Well, I didn’t grow up saying, “Hey Mom, when I’m older, I want to sell candles.” That wasn’t my big goal in life; I kind of happened upon it. For me, I don’t necessarily want to sell candles for the rest of my life doing stuff with Diamond Candles. I am inherently entertained and challenged by the challenge of really maximizing the opportunity to do something different in such a way that people actually care. I think the report card of whether or not I’m doing something that people actually care about (and is actually a better solution) comes down to revenue, and how I m doing compared to my competitors. If Yankee Candles is doing $900 million, and I’m doing $800 million, and I believe my solution is better for 75% of the market, then my job is not done yet.
Being challenged by disrupting markets, taking a look at these markets, and creating better solutions for people (whether that is innovative products or an improved buying experience) is really what gets me out of bed in the morning. I really want to do something different and exciting, and hopefully the report card will tell me that we grew revenue 500% this year. If that’s true, then we must be doing something right, so let’s keep doing it. I want to make things better using technology, social media and new products.

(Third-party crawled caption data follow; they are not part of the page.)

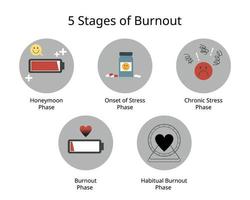 5 Stages of Burnout such as honeymoon phase and Chronic stress phase vector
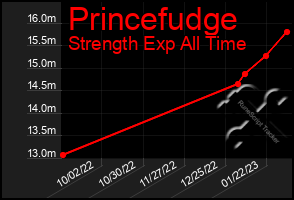 Total Graph of Princefudge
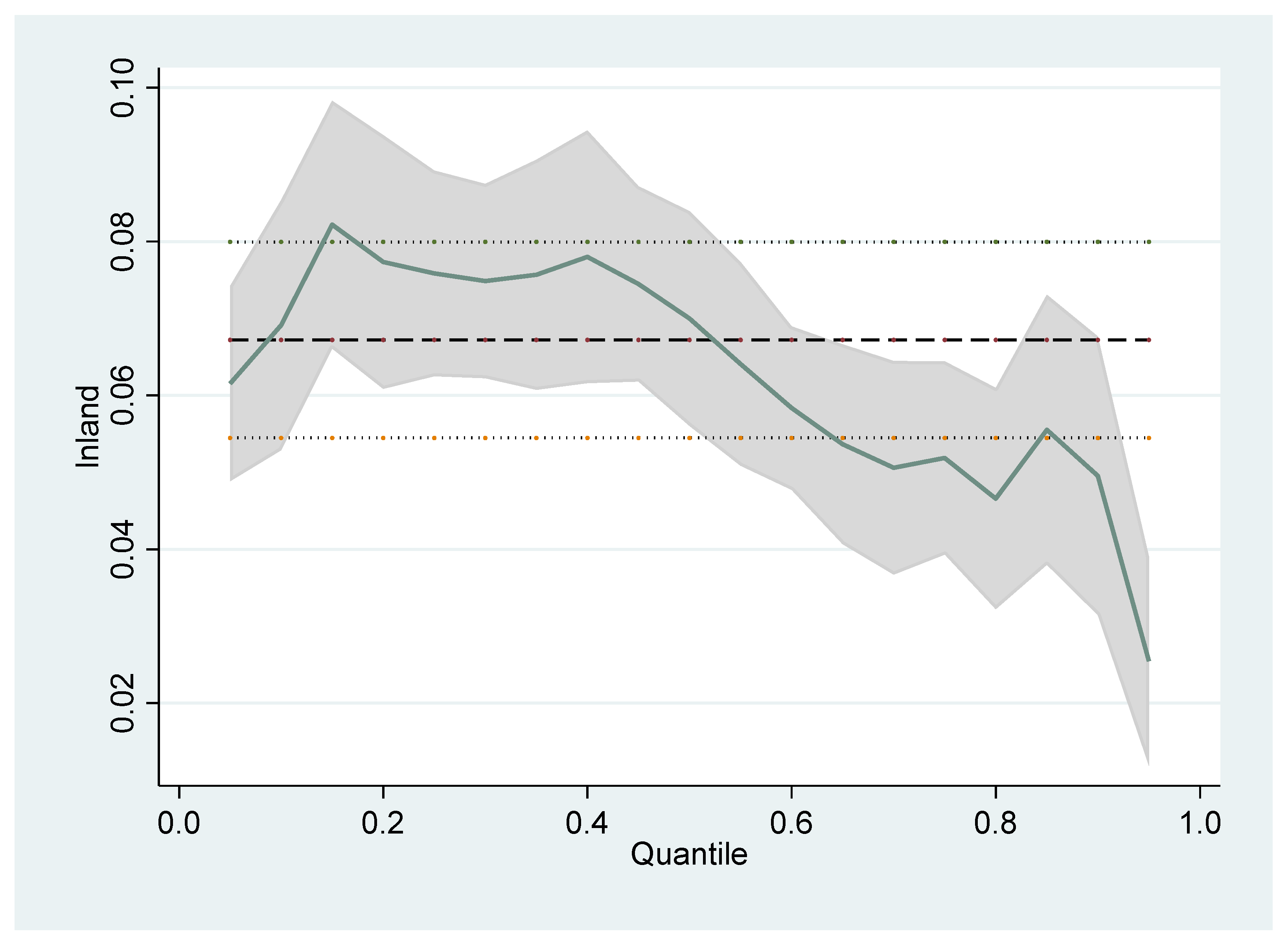 Land 11 01440 g001 550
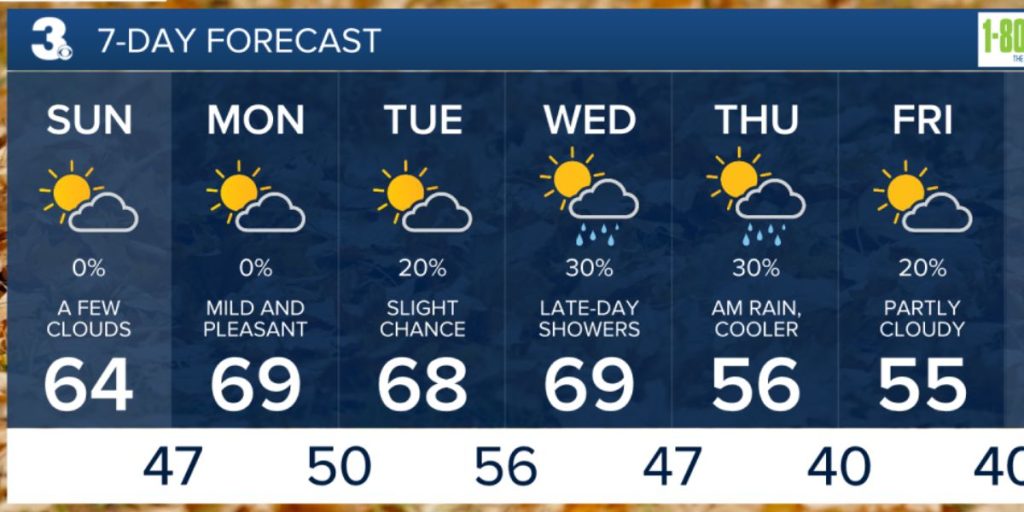 Weekend Weather Cold Nights and Mild Days for Southeast Virginia and Northeast North Carolina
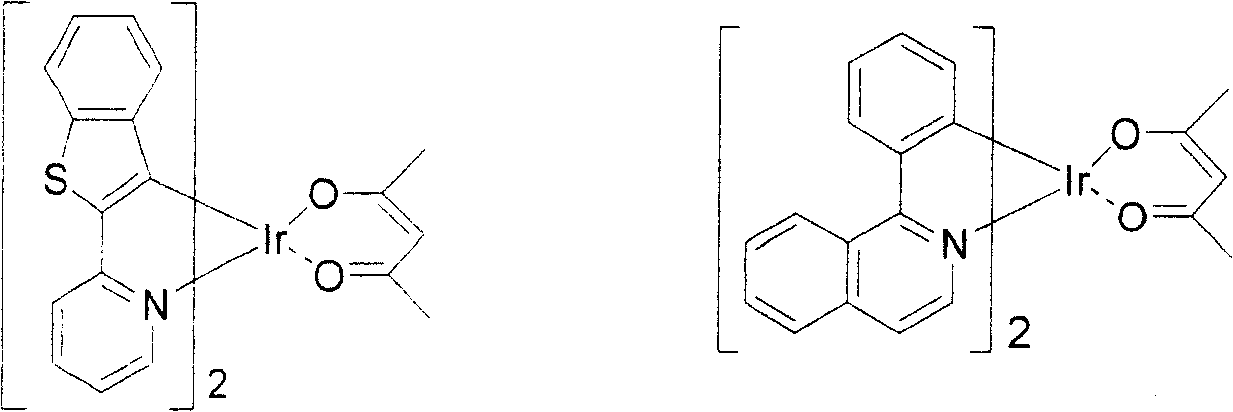 Figure C20061007327000091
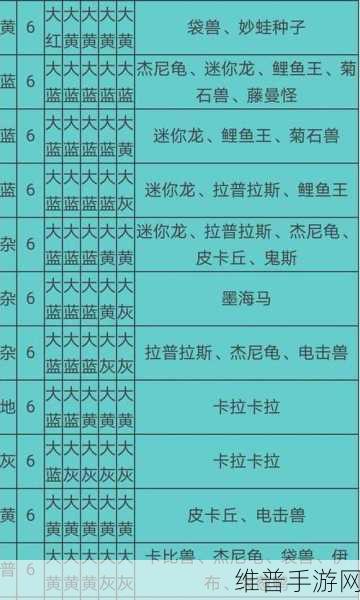 宝可梦大探险梦幻食谱终极指南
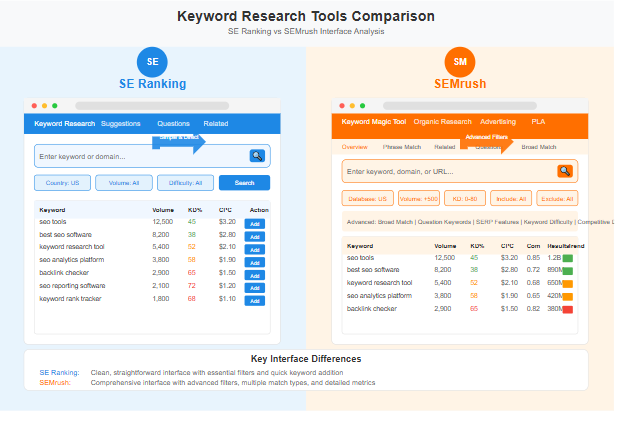 Keyword research tools comparison between SE Ranking and SEMrush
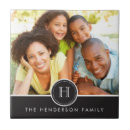 Suche nach nachname fliesen Initialzündung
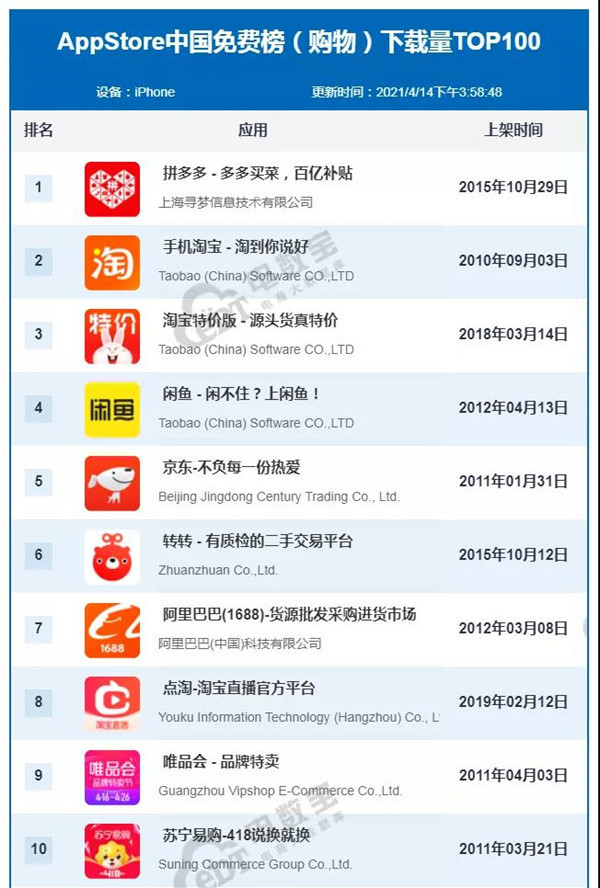 电商平台有哪些 (c2g有哪些电商平台)-第1张图片-开淘电商网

For candles, how can we better help women transform their house into a home when it comes to fragrance? That’s our thing: helping her to get to the perfect option – quicker and easier with less hassle – and having more fun doing it.
Diamond Candles sales revenue grew from $4.5MM to $16MM in ten months. By partnering with Symphony Commerce to develop the web store and manage the ecommerce infrastructure, Diamond Candles was able to maintain their core focus on brand development. Before switching to Symphony, Diamond Candles introduced new products on a quarterly basis. Now the team is able to innovate and introduce new products every two weeks. Without the time and expense of hiring fulfillment and customer service reps, Diamond Candles was able to achieve exponential growth with the same number of employees: a 350% increase in revenue productivity per employee.